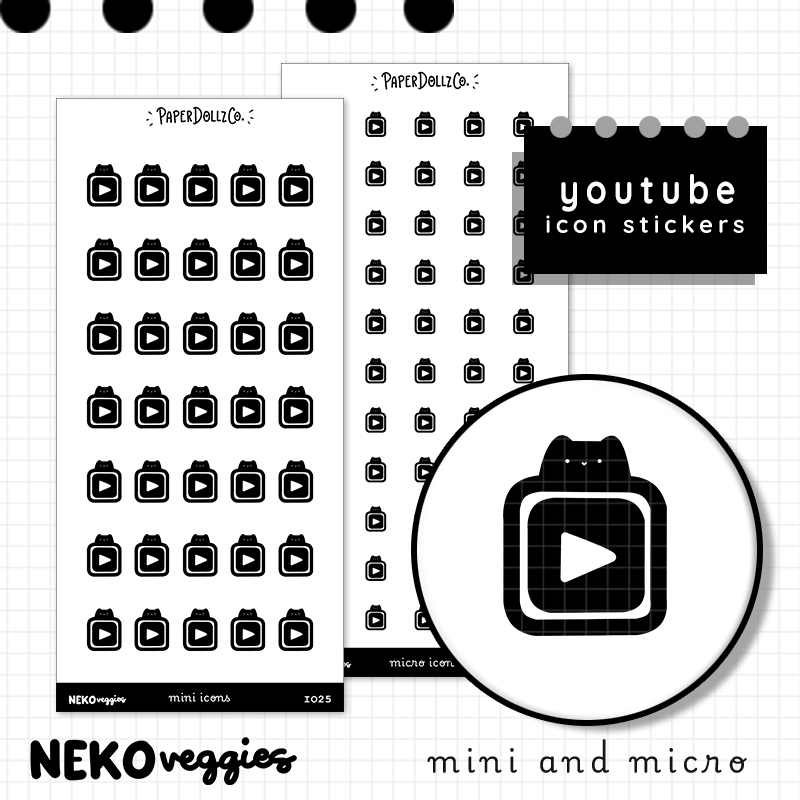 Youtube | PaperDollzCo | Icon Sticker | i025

^^^^^^^^

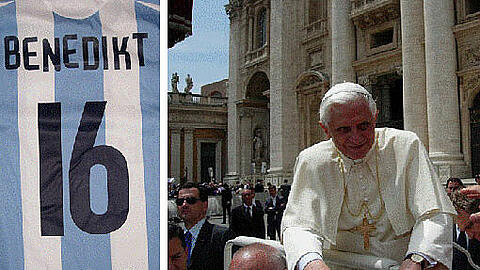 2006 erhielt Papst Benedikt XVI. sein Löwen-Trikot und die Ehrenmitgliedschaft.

^^^^^^^^

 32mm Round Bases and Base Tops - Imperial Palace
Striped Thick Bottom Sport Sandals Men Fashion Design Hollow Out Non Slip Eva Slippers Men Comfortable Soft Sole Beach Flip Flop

^^^^^^^^

Set down again, word for word, the stretch of records from the line with "32mm Round Bases" to the line with "Striped Thick Bottom", both of those lines included.

 32mm Round Bases and Base Tops - Imperial Palace
Striped Thick Bottom Sport Sandals Men Fashion Design Hollow Out Non Slip Eva Slippers Men Comfortable Soft Sole Beach Flip Flop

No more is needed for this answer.